■ Work item: Within the listing below, please copy exactly the lines between the line holding "Ashley Ashbryn Dresser and Mirror, , large" and the line holding "BYINTEK U90 Max", inclusive.
++++ Material supplied ++++
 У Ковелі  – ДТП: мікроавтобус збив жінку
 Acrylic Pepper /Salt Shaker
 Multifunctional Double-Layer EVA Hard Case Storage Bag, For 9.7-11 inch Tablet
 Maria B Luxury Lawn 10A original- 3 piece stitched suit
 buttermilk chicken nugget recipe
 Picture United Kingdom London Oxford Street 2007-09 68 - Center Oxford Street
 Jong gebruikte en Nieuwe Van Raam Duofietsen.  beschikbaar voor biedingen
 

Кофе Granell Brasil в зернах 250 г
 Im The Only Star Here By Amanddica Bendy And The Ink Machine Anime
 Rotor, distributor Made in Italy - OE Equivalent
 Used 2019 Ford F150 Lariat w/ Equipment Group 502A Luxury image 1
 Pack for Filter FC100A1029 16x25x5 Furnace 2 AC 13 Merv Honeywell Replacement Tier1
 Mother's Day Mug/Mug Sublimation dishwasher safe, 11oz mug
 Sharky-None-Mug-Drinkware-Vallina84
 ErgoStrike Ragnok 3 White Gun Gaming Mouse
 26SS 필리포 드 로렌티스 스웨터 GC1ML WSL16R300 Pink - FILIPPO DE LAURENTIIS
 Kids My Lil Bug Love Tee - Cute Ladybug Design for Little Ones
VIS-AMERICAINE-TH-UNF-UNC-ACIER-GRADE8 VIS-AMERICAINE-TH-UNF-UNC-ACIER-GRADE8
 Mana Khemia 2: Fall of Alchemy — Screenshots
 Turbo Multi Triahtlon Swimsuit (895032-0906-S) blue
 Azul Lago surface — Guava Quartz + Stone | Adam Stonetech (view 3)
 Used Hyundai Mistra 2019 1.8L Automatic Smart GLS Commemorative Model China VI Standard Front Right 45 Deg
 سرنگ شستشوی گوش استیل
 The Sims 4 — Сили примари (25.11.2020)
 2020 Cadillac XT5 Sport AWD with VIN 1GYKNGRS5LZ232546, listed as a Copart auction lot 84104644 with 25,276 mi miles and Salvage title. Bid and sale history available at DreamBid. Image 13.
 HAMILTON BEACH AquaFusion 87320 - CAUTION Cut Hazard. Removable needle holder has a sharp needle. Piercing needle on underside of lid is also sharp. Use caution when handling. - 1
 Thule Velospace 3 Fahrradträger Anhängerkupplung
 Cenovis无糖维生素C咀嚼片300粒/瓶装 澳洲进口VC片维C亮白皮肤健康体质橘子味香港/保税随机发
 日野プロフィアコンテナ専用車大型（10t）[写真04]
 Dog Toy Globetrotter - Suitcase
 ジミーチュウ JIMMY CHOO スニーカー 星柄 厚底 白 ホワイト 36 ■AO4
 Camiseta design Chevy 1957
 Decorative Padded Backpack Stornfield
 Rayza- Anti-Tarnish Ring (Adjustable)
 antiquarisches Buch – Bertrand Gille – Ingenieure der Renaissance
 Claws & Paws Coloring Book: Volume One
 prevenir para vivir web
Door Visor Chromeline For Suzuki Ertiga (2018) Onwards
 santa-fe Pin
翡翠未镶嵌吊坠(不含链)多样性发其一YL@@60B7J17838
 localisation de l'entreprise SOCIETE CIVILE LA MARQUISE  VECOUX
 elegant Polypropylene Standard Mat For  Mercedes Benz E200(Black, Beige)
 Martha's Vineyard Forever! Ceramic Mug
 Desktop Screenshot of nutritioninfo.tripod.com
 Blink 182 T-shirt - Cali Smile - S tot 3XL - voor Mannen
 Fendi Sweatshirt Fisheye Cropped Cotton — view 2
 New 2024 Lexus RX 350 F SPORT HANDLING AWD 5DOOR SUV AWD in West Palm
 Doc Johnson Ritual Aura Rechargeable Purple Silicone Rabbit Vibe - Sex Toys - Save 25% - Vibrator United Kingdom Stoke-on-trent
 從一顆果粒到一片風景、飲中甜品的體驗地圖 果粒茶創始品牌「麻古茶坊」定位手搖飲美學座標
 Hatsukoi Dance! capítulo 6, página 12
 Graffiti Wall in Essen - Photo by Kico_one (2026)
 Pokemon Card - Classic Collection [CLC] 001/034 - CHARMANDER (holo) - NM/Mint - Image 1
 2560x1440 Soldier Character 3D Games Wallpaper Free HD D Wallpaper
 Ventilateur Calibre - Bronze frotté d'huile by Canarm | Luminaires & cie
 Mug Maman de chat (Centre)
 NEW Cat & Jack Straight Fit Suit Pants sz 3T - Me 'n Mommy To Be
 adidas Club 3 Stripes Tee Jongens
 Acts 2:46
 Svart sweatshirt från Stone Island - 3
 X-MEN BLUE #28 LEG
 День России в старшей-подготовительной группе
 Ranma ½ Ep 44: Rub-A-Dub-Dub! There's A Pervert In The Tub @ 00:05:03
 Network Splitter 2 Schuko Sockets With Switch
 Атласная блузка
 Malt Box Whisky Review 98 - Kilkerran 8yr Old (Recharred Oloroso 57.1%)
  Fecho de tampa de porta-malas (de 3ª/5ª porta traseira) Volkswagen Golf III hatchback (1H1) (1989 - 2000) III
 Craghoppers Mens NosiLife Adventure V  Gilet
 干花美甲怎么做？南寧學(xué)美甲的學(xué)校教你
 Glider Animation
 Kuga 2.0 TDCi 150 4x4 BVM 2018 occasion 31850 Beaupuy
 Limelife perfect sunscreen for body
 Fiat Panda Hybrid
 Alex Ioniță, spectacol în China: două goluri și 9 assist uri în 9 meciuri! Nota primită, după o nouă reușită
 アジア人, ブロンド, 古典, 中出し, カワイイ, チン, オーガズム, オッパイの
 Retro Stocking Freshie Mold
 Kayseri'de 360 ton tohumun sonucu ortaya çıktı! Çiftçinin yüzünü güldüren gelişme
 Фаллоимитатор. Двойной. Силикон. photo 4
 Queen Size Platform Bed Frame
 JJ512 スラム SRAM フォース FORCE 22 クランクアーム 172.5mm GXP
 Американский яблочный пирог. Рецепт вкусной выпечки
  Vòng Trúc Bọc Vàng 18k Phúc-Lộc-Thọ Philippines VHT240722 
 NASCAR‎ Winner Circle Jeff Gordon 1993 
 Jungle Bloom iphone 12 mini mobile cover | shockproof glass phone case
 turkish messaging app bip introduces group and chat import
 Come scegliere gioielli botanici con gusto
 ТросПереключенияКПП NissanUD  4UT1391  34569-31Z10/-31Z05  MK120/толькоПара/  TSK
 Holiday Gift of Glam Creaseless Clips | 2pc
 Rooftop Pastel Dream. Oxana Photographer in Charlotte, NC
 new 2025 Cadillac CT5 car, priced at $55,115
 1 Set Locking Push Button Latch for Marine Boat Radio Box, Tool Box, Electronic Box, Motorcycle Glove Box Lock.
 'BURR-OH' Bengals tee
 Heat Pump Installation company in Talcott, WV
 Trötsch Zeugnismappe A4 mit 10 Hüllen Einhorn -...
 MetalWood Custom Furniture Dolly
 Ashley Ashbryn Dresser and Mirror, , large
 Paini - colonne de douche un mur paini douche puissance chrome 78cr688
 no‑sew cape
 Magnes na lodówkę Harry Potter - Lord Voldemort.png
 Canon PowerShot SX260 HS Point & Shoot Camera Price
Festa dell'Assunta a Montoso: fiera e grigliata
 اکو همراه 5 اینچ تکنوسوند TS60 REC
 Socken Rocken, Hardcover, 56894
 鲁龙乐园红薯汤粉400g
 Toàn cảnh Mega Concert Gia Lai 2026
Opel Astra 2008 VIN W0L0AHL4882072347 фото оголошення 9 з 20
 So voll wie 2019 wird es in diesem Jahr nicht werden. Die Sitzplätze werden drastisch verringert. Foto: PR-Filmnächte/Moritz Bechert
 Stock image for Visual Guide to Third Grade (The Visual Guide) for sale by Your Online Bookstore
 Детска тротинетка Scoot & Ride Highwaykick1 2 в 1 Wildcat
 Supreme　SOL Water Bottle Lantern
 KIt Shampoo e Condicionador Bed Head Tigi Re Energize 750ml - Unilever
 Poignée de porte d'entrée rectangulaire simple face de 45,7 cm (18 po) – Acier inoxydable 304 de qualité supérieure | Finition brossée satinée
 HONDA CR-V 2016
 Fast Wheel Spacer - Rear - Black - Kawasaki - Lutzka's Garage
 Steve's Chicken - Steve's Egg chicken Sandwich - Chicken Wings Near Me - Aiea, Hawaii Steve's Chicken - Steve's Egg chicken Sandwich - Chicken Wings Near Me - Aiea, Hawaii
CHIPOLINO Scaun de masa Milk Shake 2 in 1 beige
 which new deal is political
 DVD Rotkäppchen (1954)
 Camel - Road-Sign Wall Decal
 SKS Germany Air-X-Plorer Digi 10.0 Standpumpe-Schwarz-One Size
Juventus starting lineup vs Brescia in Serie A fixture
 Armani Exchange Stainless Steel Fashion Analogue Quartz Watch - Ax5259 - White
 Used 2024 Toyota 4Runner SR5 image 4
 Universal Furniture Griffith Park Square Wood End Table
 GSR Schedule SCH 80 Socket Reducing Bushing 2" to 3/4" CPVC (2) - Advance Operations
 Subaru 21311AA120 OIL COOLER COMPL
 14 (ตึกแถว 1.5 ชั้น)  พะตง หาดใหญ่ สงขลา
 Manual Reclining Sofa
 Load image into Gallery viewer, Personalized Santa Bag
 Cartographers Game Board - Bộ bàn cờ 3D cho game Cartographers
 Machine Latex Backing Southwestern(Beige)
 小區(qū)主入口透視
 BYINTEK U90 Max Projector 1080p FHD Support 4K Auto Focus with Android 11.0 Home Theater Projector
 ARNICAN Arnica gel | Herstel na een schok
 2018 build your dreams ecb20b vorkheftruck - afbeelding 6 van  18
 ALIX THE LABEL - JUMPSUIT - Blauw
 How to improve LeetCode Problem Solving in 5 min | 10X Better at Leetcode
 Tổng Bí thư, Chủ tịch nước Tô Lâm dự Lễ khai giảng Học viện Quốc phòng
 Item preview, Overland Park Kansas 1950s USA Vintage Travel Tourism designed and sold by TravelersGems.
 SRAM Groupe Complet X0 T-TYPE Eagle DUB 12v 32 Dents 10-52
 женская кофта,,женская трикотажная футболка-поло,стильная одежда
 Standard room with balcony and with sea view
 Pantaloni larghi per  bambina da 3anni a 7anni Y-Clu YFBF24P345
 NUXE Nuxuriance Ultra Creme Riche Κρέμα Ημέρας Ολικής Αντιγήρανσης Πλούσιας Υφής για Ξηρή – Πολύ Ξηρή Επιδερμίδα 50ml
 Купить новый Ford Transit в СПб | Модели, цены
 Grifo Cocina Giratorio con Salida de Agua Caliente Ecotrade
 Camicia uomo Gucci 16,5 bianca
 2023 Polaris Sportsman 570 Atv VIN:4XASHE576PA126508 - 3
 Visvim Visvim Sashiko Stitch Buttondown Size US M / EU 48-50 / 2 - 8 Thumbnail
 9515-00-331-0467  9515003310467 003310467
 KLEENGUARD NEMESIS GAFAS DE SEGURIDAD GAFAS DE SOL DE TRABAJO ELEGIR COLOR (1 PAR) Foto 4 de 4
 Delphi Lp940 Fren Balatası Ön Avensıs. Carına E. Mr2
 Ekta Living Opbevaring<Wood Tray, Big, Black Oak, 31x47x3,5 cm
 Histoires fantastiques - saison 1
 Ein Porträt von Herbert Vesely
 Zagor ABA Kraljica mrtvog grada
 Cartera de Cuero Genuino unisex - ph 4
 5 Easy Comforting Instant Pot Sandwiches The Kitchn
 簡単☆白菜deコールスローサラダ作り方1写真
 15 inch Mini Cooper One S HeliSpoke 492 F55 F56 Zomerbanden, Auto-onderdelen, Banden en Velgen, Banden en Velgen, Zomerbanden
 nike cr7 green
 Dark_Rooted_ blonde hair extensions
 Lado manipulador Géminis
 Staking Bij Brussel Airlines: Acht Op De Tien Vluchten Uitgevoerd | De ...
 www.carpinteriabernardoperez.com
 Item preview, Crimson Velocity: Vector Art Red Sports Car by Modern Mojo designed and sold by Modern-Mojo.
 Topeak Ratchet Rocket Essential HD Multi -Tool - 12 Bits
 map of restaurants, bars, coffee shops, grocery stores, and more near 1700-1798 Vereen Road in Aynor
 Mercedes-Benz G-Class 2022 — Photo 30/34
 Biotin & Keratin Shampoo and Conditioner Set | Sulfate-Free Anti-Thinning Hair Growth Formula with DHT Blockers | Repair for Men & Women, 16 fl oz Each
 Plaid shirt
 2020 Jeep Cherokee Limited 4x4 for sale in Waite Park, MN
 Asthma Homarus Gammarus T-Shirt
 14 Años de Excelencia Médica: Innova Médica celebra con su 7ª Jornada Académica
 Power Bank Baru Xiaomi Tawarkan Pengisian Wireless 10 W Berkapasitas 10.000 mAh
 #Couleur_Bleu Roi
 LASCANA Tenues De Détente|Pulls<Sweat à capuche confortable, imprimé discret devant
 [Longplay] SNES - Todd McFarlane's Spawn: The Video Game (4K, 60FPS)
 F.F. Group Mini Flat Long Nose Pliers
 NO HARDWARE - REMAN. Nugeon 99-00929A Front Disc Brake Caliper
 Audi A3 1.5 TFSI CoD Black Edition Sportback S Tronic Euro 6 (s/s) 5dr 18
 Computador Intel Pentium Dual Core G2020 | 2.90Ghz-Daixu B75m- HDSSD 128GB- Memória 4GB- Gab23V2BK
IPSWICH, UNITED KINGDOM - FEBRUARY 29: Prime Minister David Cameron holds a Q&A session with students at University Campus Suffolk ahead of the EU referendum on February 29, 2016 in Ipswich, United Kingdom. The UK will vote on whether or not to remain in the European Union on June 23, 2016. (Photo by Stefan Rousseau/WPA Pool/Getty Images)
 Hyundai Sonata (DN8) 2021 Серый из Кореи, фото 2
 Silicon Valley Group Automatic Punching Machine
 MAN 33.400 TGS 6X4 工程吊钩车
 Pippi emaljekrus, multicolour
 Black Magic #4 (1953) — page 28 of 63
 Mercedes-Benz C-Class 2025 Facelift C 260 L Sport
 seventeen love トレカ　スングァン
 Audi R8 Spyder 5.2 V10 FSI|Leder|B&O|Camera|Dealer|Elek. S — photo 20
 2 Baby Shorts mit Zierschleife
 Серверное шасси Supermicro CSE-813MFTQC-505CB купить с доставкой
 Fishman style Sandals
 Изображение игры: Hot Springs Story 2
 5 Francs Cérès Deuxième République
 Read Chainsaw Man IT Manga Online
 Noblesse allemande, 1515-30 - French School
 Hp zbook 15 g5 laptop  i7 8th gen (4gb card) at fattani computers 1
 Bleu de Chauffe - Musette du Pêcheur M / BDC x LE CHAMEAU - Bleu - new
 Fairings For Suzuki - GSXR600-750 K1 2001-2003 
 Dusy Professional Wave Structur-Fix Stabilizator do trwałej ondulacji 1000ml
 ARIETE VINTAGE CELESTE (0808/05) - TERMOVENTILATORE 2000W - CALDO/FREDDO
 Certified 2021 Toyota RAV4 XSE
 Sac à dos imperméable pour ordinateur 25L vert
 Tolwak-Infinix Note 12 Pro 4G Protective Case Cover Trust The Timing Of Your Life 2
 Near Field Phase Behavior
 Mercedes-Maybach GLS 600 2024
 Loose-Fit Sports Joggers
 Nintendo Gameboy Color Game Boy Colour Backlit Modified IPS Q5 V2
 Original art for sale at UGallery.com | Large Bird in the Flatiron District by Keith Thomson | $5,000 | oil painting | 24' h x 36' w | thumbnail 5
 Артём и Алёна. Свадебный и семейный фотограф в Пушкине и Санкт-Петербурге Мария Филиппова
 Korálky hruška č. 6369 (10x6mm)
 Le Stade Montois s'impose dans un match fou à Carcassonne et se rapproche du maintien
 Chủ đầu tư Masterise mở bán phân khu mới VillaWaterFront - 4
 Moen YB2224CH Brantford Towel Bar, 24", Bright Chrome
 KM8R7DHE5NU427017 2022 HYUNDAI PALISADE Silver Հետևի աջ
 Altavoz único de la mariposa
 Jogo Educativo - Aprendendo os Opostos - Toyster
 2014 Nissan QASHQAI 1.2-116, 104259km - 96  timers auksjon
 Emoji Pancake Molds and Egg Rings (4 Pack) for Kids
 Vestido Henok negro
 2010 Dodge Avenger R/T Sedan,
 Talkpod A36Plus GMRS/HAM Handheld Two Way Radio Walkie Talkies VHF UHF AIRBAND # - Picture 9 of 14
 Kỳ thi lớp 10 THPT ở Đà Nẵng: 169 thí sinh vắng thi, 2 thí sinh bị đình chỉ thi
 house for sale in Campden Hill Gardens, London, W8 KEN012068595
++++
■ Solution for this task:
 Ashley Ashbryn Dresser and Mirror, , large
 Paini - colonne de douche un mur paini douche puissance chrome 78cr688
 no‑sew cape
 Magnes na lodówkę Harry Potter - Lord Voldemort.png
 Canon PowerShot SX260 HS Point & Shoot Camera Price
Festa dell'Assunta a Montoso: fiera e grigliata
 اکو همراه 5 اینچ تکنوسوند TS60 REC
 Socken Rocken, Hardcover, 56894
 鲁龙乐园红薯汤粉400g
 Toàn cảnh Mega Concert Gia Lai 2026
Opel Astra 2008 VIN W0L0AHL4882072347 фото оголошення 9 з 20
 So voll wie 2019 wird es in diesem Jahr nicht werden. Die Sitzplätze werden drastisch verringert. Foto: PR-Filmnächte/Moritz Bechert
 Stock image for Visual Guide to Third Grade (The Visual Guide) for sale by Your Online Bookstore
 Детска тротинетка Scoot & Ride Highwaykick1 2 в 1 Wildcat
 Supreme　SOL Water Bottle Lantern
 KIt Shampoo e Condicionador Bed Head Tigi Re Energize 750ml - Unilever
 Poignée de porte d'entrée rectangulaire simple face de 45,7 cm (18 po) – Acier inoxydable 304 de qualité supérieure | Finition brossée satinée
 HONDA CR-V 2016
 Fast Wheel Spacer - Rear - Black - Kawasaki - Lutzka's Garage
 Steve's Chicken - Steve's Egg chicken Sandwich - Chicken Wings Near Me - Aiea, Hawaii Steve's Chicken - Steve's Egg chicken Sandwich - Chicken Wings Near Me - Aiea, Hawaii
CHIPOLINO Scaun de masa Milk Shake 2 in 1 beige
 which new deal is political
 DVD Rotkäppchen (1954)
 Camel - Road-Sign Wall Decal
 SKS Germany Air-X-Plorer Digi 10.0 Standpumpe-Schwarz-One Size
Juventus starting lineup vs Brescia in Serie A fixture
 Armani Exchange Stainless Steel Fashion Analogue Quartz Watch - Ax5259 - White
 Used 2024 Toyota 4Runner SR5 image 4
 Universal Furniture Griffith Park Square Wood End Table
 GSR Schedule SCH 80 Socket Reducing Bushing 2" to 3/4" CPVC (2) - Advance Operations
 Subaru 21311AA120 OIL COOLER COMPL
 14 (ตึกแถว 1.5 ชั้น)  พะตง หาดใหญ่ สงขลา
 Manual Reclining Sofa
 Load image into Gallery viewer, Personalized Santa Bag
 Cartographers Game Board - Bộ bàn cờ 3D cho game Cartographers
 Machine Latex Backing Southwestern(Beige)
 小區(qū)主入口透視
 BYINTEK U90 Max Projector 1080p FHD Support 4K Auto Focus with Android 11.0 Home Theater Projector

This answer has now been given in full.